- **Try it**
Below are some records. Return exactly the lines from the one with "Bark Pro - Dog Sounds icon" to the one with "与会代表参观智能电网建设工程 图自越通社", and nothing else.

- **Provided information**
===============
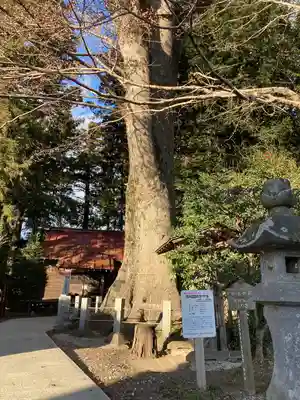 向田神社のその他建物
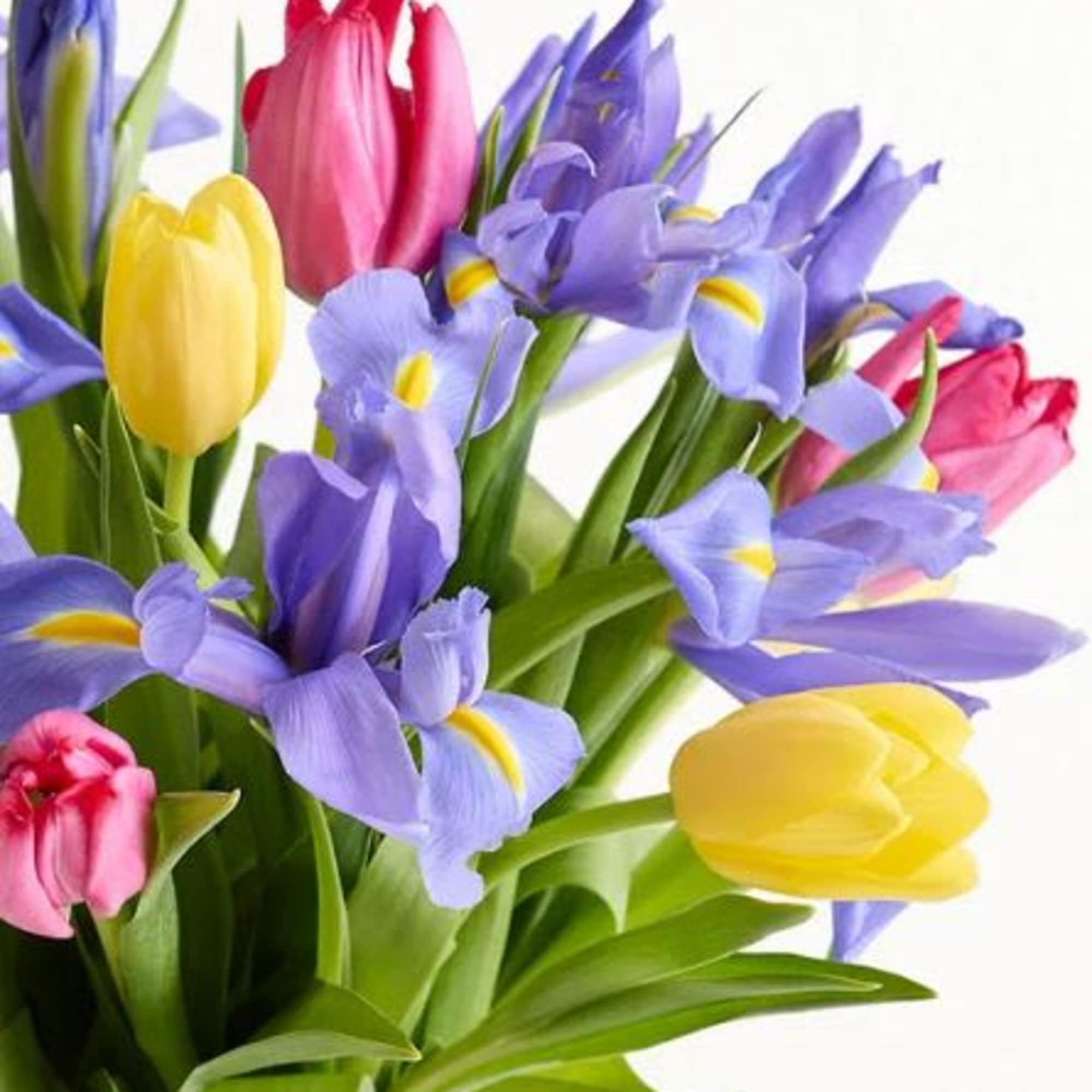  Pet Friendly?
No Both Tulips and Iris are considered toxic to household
===============
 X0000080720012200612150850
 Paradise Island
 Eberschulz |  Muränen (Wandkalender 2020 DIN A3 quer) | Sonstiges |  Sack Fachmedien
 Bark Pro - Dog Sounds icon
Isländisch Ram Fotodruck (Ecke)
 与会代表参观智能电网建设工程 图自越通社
===============
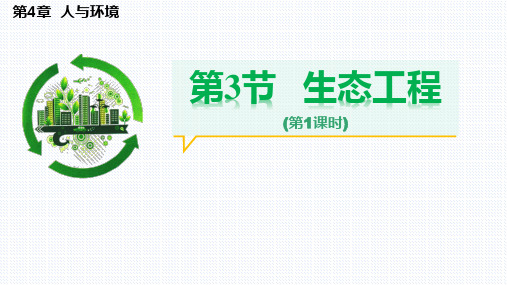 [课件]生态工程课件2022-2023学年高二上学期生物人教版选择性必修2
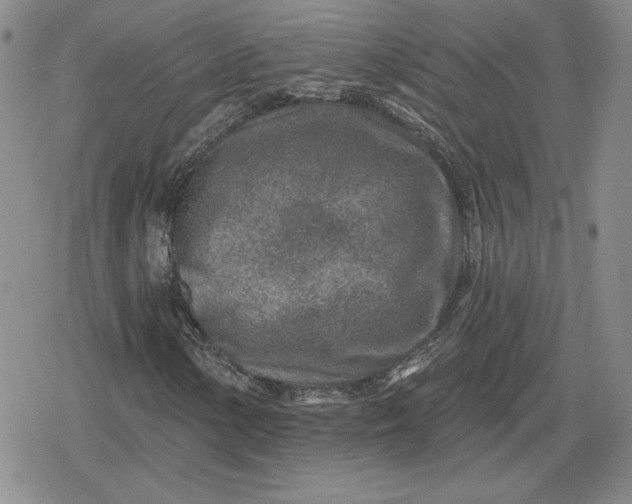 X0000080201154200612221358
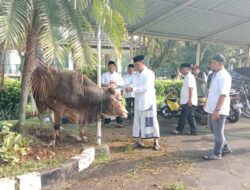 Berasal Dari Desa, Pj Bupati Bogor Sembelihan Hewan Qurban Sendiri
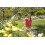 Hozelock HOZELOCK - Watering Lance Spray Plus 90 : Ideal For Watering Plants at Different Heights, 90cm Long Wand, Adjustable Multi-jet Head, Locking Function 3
===============
- **Solved problem**
 Bark Pro - Dog Sounds icon
Isländisch Ram Fotodruck (Ecke)
 与会代表参观智能电网建设工程 图自越通社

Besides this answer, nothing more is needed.